En libérant discrètement dans la nuit le président Bah Ndaw et le Premier ministre Moctar Ouane qu'ils avaient fait arrêter lundi avec d'autres hautes personnalités, le colonel Goïta et les putschistes de 2020 satisfont à une demande faite par le Conseil de sécurité de l'ONU mercredi et partagée par les principaux partenaires du Mali.

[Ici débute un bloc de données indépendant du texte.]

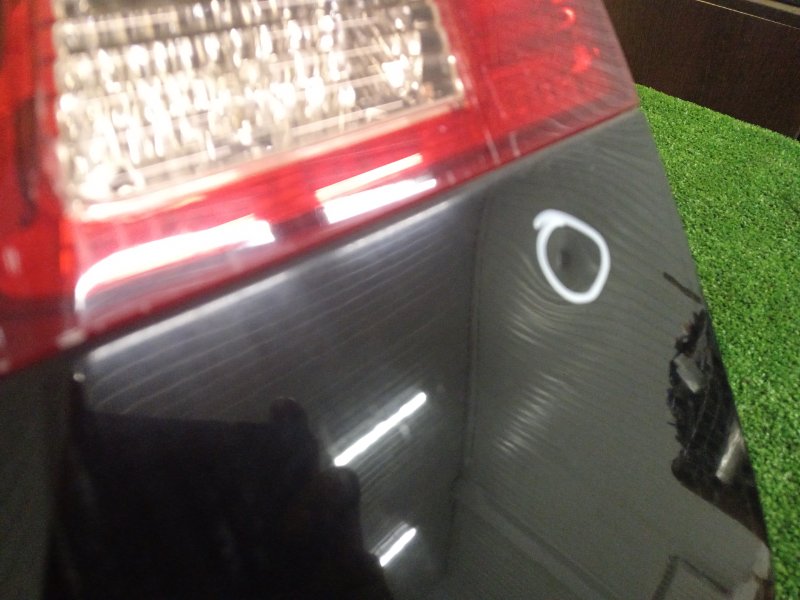 Крышка багажника, 19000 рублей, Красноярск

Le colonel Goïta a la tête de la transtion

Mais ils s'éloignaient de la "reprise immédiate" d'une transition civile dirigée par des civils, également réclamée par le Conseil de sécurité.  Le colonel Goïta a dit à la mission internationale dépêchée mardi à Bamako qu'il comptait prendre la tête de la transition et nommer un Premier ministre, ont rapporté des diplomates s'exprimant sous couvert d'anonymat compte tenu du caractère hautement sensible de ce retour en arrière de neuf mois.

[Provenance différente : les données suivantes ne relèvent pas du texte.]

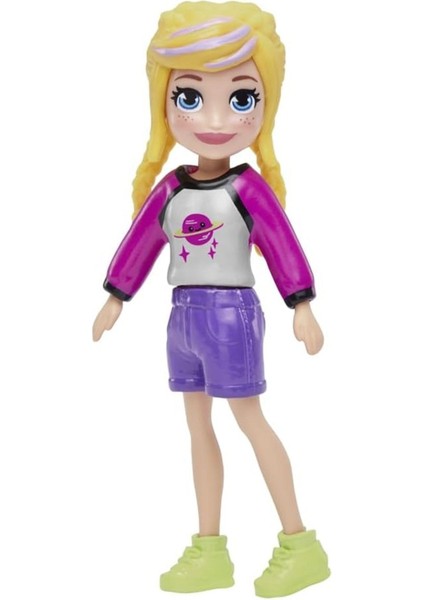 Doll Oyuncak Bebek Main Character Dolls Poly Toy Brunette Black Blonde Blue Purple Pink 1 Adet modelleri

 Cette prise des pleins pouvoirs à laquelle la communauté internationale avait résisté après le putsch mené par les mêmes colonels en août 2020 au détriment du président élu Ibrahim Boubacar Keïta obscurcirait encore l'horizon d'un pays en pleine tourmente, pourtant crucial pour la stabilité du Sahel.

 La Communauté des Etats ouest-africains (Cédéao), la France et les Etats-Unis ont brandi la menace de sanctions.  Les Etats-Unis ont suspendu l'assistance aux forces de sécurité et de défense maliennes, a annoncé le département d'Etat, précisant que Washington étudierait "des mesures ciblées contre les responsables politiques et militaires qui ont entravé la transition civile vers une gouvernance démocratique".

  Ce coup de force, énième soubresaut de l'histoire contemporaine malienne, soulève une multitude de questions quant à son impact sur la lutte antidjihadiste et sur la gouvernance au Mali, et plus immédiatement sur la relation future avec les colonels et le respect des échéances prévues, comme la tenue d'élections début 2022.